[Assignment] Restate the listing below word for word, and leave its pictures behind.
+--
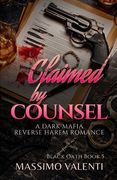 Claimed by Counsel: A Dark Mafia Reverse Harem Romance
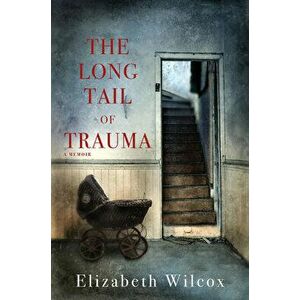 The Long Tail of Trauma: A Memoir, Paperback - Elizabeth Wilcox imagine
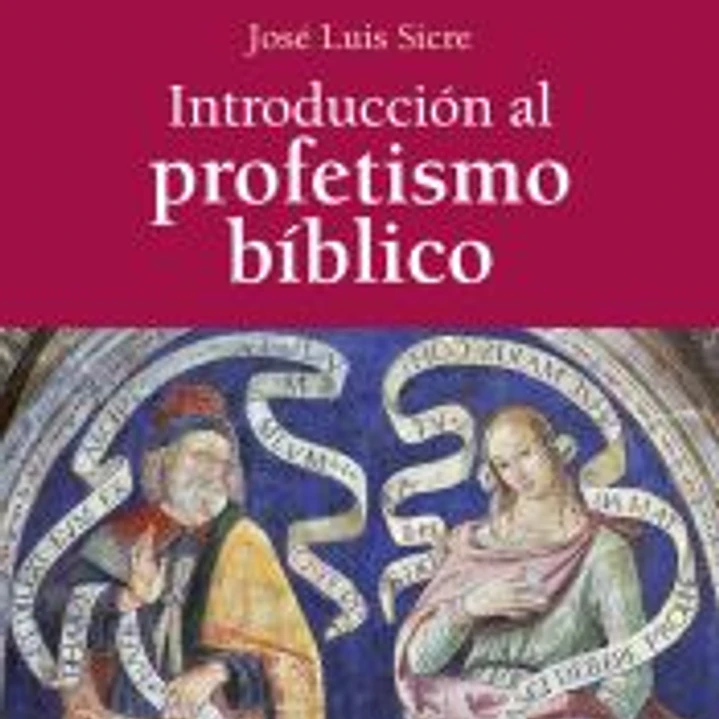 Introducción al profetismo bíblico 1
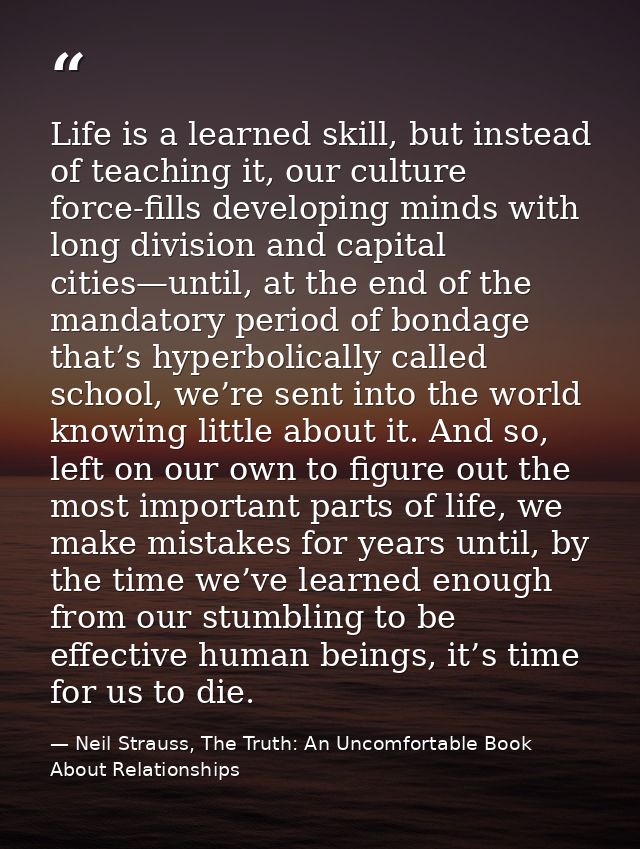 Life is a learned skill, but instead of teaching it, our culture force-fills developing minds with long division and cap — Neil Strauss, The Truth: An Uncomfortable Book About Relationships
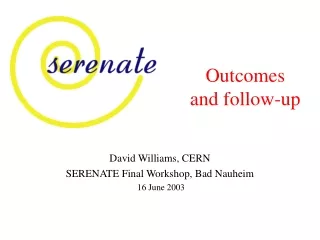 David Williams, CERN SERENATE Final Workshop, Bad Nauheim  16 June 2003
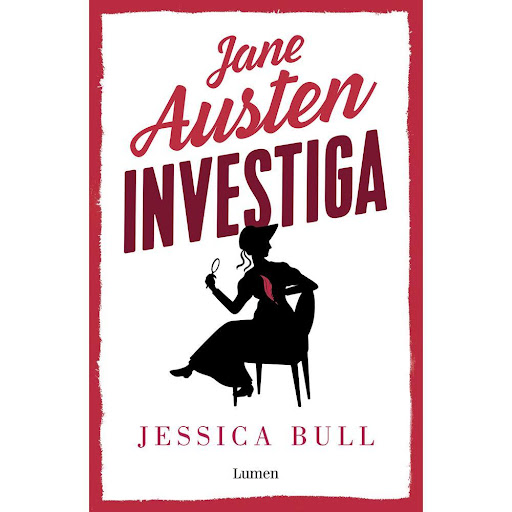 Jane Austen Investiga. Jessica Bull Lumen Libro x 1.0 JANE AUSTEN INVESTIGA   Hampshire, 1795. Jane Austen está haciendo todo lo posible por conseguir una propuesta de matrimonio de Tom Lefroy, el gran amor de su vida y quien inspiró al personaje de Mr. 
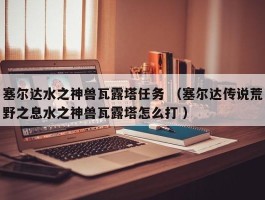 塞尔达水之神兽瓦露塔任务 （塞尔达传说荒野之息水之神兽瓦露塔怎么打 ）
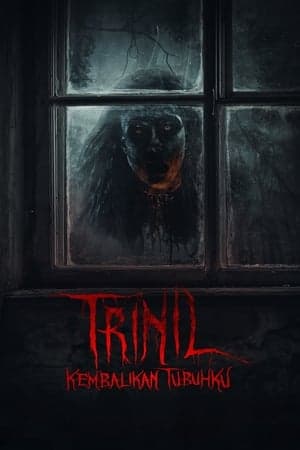 ดูหนังออนไลน์ฟรีเรื่อง Trinil (2024) ทวงร่างนางแค้น ดูหนังออนไลน์ HD พากย์ไทย HD
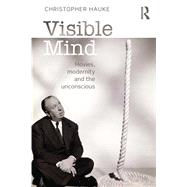Visible Mind: Movies, Modernity and the Unconscious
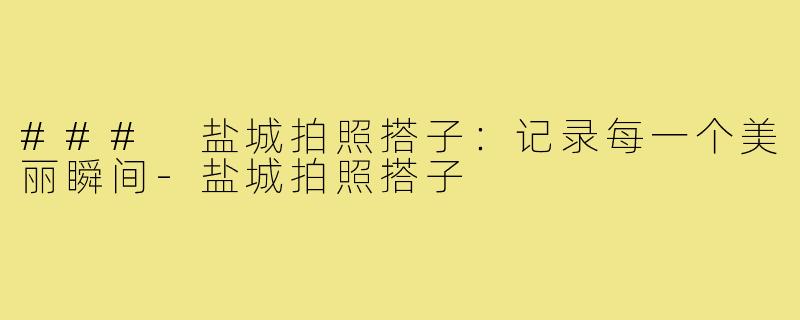 ### 盐城拍照搭子:记录每一个美丽瞬间-盐城拍照搭子
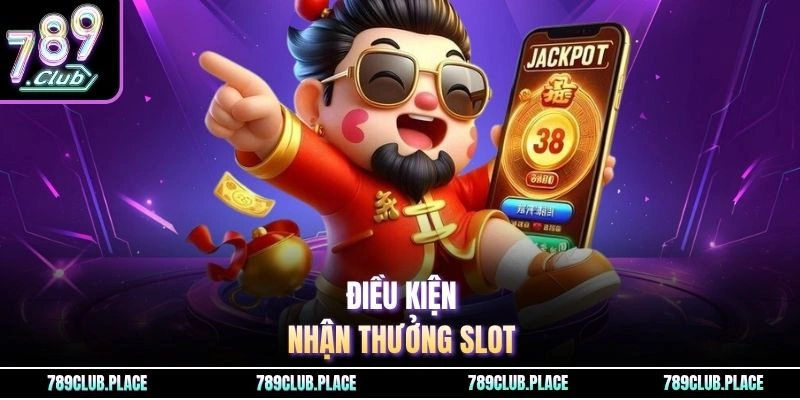 Điều kiện nhận thưởng slot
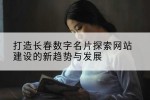 打造长春数字名片探索网站建设的新趋势与发展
+--
[Result]
 Claimed by Counsel: A Dark Mafia Reverse Harem Romance
 The Long Tail of Trauma: A Memoir, Paperback - Elizabeth Wilcox imagine
 Introducción al profetismo bíblico 1
 Life is a learned skill, but instead of teaching it, our culture force-fills developing minds with long division and cap — Neil Strauss, The Truth: An Uncomfortable Book About Relationships
 David Williams, CERN SERENATE Final Workshop, Bad Nauheim  16 June 2003
 Jane Austen Investiga. Jessica Bull Lumen Libro x 1.0 JANE AUSTEN INVESTIGA   Hampshire, 1795. Jane Austen está haciendo todo lo posible por conseguir una propuesta de matrimonio de Tom Lefroy, el gran amor de su vida y quien inspiró al personaje de Mr. 
 塞尔达水之神兽瓦露塔任务 （塞尔达传说荒野之息水之神兽瓦露塔怎么打 ）
 ดูหนังออนไลน์ฟรีเรื่อง Trinil (2024) ทวงร่างนางแค้น ดูหนังออนไลน์ HD พากย์ไทย HD
Visible Mind: Movies, Modernity and the Unconscious
 ### 盐城拍照搭子:记录每一个美丽瞬间-盐城拍照搭子
 Điều kiện nhận thưởng slot
 打造长春数字名片探索网站建设的新趋势与发展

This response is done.